▶ [ENTRIES SHOWN]:
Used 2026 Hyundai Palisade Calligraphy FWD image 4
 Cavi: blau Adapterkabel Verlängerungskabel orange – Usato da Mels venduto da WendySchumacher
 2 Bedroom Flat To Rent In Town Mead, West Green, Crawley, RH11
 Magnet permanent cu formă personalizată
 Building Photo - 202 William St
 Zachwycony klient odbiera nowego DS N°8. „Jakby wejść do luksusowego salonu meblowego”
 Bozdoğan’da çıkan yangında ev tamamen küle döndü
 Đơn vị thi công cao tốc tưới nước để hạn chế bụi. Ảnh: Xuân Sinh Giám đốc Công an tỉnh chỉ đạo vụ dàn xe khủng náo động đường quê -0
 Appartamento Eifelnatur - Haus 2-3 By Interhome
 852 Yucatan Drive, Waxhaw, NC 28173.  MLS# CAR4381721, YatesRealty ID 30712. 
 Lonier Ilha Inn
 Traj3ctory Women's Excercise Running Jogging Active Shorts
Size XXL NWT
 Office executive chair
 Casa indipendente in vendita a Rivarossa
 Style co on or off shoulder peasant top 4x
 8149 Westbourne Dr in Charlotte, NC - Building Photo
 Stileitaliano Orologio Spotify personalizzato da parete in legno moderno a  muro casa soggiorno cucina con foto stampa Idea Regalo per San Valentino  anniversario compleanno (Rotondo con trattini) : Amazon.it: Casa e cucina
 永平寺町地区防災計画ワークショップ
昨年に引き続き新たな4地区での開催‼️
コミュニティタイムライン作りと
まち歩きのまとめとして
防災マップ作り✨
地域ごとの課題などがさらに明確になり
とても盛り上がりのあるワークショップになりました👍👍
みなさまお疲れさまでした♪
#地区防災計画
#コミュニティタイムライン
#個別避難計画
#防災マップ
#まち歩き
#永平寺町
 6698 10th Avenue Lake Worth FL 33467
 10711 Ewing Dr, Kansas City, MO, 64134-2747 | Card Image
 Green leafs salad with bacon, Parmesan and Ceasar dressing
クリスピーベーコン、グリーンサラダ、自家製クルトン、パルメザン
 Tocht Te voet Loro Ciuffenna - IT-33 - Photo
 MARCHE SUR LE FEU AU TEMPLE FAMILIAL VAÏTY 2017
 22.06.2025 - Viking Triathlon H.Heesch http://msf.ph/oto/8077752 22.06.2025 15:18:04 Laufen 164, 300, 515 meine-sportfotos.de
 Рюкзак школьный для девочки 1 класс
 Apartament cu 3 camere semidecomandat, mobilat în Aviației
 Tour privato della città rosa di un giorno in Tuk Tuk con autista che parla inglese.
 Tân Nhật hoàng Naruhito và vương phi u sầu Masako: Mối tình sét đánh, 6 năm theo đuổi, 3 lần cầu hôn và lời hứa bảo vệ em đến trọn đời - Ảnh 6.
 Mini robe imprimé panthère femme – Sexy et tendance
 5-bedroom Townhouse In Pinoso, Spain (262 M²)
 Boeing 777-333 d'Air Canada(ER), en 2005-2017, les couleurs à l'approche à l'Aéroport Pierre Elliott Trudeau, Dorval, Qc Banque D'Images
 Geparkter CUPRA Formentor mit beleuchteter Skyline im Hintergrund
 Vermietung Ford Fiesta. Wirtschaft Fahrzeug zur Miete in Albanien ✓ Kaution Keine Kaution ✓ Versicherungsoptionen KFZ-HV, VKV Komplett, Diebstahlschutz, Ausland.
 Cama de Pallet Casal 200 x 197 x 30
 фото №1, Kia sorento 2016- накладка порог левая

▶ [INSTRUCTIONS FOR THE TASK]: Return all lines above that mention the word "Photo".

▶ [TASK RESULT]:
 Building Photo - 202 William St
 8149 Westbourne Dr in Charlotte, NC - Building Photo
 Tocht Te voet Loro Ciuffenna - IT-33 - Photo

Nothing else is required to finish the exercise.